Data excerpts below:
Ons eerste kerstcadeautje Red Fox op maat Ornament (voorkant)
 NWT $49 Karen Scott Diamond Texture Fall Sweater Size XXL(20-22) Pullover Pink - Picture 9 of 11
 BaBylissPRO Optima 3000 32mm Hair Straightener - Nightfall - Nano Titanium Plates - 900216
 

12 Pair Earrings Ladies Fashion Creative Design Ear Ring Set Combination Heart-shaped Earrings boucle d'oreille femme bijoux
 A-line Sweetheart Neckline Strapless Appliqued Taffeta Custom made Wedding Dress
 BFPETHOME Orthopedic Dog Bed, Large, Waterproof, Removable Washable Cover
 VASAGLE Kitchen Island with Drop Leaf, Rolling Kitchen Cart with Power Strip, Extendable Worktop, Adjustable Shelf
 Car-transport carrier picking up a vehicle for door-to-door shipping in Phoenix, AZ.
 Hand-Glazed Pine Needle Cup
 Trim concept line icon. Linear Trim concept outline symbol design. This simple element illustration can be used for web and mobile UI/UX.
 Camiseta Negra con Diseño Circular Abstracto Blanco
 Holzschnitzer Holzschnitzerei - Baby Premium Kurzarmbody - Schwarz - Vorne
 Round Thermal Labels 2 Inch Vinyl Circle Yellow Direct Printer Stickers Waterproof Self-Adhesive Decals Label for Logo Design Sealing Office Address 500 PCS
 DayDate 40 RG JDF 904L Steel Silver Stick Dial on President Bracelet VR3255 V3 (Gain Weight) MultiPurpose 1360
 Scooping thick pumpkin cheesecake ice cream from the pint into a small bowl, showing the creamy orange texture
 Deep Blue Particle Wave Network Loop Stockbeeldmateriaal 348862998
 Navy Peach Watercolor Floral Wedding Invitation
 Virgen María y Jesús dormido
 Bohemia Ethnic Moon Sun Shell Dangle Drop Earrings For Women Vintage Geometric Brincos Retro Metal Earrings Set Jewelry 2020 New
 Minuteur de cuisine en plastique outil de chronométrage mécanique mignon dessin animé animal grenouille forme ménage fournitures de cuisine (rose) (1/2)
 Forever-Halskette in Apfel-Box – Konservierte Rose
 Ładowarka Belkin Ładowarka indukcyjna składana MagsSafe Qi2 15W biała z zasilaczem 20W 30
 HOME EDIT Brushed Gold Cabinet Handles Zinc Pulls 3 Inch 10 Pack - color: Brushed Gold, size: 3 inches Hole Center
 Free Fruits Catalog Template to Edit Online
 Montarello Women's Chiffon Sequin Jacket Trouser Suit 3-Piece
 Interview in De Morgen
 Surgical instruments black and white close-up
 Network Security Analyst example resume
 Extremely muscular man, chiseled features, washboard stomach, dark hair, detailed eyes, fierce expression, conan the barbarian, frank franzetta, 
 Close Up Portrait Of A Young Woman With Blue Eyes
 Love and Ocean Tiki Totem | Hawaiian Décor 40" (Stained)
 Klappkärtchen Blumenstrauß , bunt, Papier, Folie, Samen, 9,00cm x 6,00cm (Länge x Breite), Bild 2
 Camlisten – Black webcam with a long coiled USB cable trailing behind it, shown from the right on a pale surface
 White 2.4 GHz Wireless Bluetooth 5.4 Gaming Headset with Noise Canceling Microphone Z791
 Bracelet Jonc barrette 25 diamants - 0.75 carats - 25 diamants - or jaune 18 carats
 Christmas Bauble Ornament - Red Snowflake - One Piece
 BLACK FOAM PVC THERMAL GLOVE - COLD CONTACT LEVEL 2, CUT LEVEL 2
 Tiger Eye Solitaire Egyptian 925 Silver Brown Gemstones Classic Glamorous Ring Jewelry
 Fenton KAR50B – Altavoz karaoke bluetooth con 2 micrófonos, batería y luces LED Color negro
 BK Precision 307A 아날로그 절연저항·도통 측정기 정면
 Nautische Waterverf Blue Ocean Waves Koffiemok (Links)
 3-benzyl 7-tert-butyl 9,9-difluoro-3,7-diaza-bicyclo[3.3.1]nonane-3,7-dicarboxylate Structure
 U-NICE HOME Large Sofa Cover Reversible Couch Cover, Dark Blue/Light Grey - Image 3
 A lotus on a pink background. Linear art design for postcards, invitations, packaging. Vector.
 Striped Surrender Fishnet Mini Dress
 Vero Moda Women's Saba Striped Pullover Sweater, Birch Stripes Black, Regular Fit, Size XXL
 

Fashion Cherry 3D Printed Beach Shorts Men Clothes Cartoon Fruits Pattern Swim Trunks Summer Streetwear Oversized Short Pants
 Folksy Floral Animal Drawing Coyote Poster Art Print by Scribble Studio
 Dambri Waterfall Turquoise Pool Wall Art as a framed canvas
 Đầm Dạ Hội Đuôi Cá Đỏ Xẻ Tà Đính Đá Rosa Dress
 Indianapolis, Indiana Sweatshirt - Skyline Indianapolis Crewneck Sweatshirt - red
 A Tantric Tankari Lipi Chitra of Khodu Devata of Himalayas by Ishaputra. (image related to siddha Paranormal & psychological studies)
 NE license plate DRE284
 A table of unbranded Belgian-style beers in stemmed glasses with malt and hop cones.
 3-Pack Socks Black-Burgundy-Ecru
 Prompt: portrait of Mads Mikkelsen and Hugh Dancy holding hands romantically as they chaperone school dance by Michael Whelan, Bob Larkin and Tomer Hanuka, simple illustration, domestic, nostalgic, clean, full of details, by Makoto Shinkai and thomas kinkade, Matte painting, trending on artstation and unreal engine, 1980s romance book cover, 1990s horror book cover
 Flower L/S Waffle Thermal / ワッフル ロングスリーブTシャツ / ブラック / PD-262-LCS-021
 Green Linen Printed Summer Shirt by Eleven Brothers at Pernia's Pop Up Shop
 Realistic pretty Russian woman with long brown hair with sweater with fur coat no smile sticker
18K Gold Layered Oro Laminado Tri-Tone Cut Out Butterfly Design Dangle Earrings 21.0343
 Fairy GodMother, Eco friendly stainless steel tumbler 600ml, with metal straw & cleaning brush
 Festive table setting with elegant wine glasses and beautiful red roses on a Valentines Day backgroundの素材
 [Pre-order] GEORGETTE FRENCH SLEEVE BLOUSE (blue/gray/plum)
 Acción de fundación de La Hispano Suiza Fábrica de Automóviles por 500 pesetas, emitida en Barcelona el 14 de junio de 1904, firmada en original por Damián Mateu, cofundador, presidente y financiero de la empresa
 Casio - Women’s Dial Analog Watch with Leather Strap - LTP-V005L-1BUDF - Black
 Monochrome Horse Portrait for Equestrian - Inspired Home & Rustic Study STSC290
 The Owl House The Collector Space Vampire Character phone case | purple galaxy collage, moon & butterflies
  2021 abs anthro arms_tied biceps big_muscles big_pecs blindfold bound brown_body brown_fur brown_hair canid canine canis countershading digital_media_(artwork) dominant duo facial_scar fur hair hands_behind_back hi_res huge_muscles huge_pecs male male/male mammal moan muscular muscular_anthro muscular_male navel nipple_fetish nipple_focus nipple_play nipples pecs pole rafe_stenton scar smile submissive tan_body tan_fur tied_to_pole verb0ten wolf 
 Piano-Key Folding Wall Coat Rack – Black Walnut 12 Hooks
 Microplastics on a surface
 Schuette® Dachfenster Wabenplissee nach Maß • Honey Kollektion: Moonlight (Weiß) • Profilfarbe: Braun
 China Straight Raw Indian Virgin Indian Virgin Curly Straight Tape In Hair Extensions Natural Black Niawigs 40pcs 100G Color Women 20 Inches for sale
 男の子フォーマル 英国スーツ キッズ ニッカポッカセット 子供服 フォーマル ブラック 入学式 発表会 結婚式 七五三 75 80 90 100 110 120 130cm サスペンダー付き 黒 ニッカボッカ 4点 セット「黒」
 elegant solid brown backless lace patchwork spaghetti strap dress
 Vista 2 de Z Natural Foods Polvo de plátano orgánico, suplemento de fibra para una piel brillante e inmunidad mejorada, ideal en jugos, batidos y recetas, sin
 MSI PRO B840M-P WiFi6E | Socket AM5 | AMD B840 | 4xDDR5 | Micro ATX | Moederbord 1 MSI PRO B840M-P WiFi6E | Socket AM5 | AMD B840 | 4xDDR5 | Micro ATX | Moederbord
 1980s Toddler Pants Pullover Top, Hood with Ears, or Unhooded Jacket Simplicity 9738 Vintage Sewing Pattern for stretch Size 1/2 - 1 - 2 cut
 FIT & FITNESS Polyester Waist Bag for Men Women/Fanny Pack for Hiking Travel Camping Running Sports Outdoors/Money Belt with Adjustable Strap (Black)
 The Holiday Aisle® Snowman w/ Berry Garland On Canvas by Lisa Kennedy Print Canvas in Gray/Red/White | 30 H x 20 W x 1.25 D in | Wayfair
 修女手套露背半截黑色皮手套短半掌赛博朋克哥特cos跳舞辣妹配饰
End of Data excerpts.
Problem details
Could you write out, exactly as they stand, only the lines above that begin at the line with "Vero Moda Women's" and stop after the line with "A Tantric Tankari"?

Exercise output
 Vero Moda Women's Saba Striped Pullover Sweater, Birch Stripes Black, Regular Fit, Size XXL
 

Fashion Cherry 3D Printed Beach Shorts Men Clothes Cartoon Fruits Pattern Swim Trunks Summer Streetwear Oversized Short Pants
 Folksy Floral Animal Drawing Coyote Poster Art Print by Scribble Studio
 Dambri Waterfall Turquoise Pool Wall Art as a framed canvas
 Đầm Dạ Hội Đuôi Cá Đỏ Xẻ Tà Đính Đá Rosa Dress
 Indianapolis, Indiana Sweatshirt - Skyline Indianapolis Crewneck Sweatshirt - red
 A Tantric Tankari Lipi Chitra of Khodu Devata of Himalayas by Ishaputra. (image related to siddha Paranormal & psychological studies)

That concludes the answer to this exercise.